No pictures belong in the copy. Set down exactly the lines from the one that contains "Bryan Ruiz 1" through the end of the data.

- _Data block_:
##############################

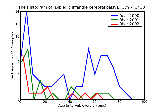 ICD9 Histogram Diplegic infantile cerebral palsy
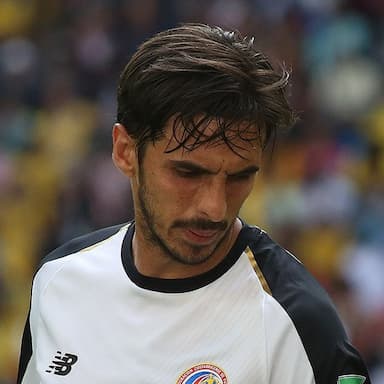 Bryan Ruiz 1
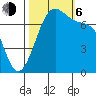 Friday Harbor tide chart for Friday, October 6, 2023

##############################

- _Solution for this exercise_:
 Bryan Ruiz 1
 Friday Harbor tide chart for Friday, October 6, 2023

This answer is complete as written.